_What to work on:_
Where the string "Used" occurs in the material below, report the whole line.

______

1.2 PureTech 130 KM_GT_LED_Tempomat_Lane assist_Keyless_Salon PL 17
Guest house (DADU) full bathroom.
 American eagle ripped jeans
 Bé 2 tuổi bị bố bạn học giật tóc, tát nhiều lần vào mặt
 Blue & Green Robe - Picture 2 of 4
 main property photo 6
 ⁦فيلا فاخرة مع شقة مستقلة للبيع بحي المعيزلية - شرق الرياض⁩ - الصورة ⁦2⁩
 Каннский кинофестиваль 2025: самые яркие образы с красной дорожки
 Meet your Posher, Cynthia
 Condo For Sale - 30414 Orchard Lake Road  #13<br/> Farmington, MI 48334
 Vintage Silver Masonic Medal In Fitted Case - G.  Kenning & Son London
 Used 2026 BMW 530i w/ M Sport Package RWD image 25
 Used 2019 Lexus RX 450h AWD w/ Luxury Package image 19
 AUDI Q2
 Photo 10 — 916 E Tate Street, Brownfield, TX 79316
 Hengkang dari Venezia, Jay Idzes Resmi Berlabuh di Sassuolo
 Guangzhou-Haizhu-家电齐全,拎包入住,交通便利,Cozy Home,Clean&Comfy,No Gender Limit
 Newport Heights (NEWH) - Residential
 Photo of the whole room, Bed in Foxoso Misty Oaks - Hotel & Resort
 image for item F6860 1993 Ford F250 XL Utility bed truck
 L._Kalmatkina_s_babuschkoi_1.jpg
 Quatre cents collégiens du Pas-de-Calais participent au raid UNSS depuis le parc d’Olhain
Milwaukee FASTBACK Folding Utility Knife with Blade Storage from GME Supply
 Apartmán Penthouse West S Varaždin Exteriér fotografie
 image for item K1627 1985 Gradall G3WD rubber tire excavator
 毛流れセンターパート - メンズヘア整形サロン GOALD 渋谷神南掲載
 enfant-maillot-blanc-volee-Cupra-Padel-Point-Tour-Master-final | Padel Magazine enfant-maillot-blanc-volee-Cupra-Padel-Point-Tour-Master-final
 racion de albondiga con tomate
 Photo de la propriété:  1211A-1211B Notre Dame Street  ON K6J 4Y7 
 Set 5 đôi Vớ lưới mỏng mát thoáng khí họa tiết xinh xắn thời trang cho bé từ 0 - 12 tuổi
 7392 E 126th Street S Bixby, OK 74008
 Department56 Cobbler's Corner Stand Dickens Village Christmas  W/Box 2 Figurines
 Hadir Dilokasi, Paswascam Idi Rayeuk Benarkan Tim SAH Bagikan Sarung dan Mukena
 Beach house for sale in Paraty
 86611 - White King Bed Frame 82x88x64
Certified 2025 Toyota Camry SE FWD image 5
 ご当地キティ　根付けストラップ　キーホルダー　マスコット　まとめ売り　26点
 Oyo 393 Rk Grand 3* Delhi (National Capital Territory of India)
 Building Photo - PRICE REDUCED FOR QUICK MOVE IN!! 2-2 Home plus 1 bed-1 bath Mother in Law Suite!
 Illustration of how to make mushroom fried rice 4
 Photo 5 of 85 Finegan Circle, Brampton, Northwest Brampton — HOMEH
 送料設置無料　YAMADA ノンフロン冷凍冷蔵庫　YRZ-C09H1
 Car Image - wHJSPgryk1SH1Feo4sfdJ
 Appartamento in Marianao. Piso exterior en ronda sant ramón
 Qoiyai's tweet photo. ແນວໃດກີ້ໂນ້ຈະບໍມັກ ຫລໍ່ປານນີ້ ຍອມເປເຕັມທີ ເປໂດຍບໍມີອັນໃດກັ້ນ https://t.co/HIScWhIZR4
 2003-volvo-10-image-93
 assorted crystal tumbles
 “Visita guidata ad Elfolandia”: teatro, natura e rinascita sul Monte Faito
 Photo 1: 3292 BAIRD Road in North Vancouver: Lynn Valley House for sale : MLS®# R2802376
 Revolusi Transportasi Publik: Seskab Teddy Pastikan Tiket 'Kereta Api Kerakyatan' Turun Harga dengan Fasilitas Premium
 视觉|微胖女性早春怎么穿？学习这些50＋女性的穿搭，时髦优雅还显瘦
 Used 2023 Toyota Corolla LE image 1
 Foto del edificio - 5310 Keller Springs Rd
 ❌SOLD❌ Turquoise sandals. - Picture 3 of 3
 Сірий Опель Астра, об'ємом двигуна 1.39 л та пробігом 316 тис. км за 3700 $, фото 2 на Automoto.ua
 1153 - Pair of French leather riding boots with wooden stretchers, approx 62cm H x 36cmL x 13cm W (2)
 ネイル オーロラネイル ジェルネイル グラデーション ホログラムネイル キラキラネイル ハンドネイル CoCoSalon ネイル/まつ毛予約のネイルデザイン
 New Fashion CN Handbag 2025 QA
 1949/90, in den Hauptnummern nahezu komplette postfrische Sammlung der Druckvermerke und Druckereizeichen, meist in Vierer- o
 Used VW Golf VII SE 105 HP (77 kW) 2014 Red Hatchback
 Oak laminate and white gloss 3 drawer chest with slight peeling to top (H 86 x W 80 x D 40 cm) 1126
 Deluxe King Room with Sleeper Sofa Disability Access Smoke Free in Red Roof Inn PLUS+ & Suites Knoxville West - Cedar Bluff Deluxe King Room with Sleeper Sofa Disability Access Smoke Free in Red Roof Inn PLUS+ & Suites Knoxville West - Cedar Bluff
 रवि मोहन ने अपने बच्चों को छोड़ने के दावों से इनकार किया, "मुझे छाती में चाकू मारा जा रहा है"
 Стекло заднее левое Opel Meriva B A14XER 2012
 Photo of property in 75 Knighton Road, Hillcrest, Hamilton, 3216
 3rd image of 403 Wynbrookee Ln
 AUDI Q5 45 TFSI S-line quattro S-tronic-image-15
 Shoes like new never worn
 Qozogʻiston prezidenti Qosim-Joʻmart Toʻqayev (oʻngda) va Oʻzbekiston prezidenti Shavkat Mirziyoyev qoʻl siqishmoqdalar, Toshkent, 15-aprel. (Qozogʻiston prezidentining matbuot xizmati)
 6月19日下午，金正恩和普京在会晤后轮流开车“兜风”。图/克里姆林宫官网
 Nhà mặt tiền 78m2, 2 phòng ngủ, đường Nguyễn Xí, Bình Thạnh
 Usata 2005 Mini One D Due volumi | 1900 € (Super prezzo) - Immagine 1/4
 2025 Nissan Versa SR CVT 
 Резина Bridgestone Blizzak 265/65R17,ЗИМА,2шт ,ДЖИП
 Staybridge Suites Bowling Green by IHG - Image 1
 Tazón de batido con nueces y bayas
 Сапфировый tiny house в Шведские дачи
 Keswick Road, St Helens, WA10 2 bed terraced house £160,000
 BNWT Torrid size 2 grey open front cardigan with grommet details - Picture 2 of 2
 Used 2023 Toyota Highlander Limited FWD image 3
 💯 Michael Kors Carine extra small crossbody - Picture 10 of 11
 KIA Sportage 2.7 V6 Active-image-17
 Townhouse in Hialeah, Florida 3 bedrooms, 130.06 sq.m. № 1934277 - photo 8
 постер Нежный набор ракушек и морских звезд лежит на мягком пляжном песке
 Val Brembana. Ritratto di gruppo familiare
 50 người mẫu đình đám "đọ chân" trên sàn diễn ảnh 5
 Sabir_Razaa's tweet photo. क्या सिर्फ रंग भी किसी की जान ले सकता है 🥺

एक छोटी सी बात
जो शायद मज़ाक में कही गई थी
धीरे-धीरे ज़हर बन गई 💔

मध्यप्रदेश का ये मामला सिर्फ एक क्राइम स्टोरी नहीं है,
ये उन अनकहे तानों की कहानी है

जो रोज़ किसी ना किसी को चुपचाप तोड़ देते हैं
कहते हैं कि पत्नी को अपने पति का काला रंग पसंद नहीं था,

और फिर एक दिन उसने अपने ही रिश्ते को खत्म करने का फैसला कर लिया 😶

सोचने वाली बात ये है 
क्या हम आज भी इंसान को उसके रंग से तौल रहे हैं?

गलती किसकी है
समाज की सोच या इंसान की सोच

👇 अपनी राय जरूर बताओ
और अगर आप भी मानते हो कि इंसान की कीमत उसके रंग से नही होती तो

______

_Answer space:_
 Used 2026 BMW 530i w/ M Sport Package RWD image 25
 Used 2019 Lexus RX 450h AWD w/ Luxury Package image 19
 Used 2023 Toyota Corolla LE image 1
 Used VW Golf VII SE 105 HP (77 kW) 2014 Red Hatchback
 Used 2023 Toyota Highlander Limited FWD image 3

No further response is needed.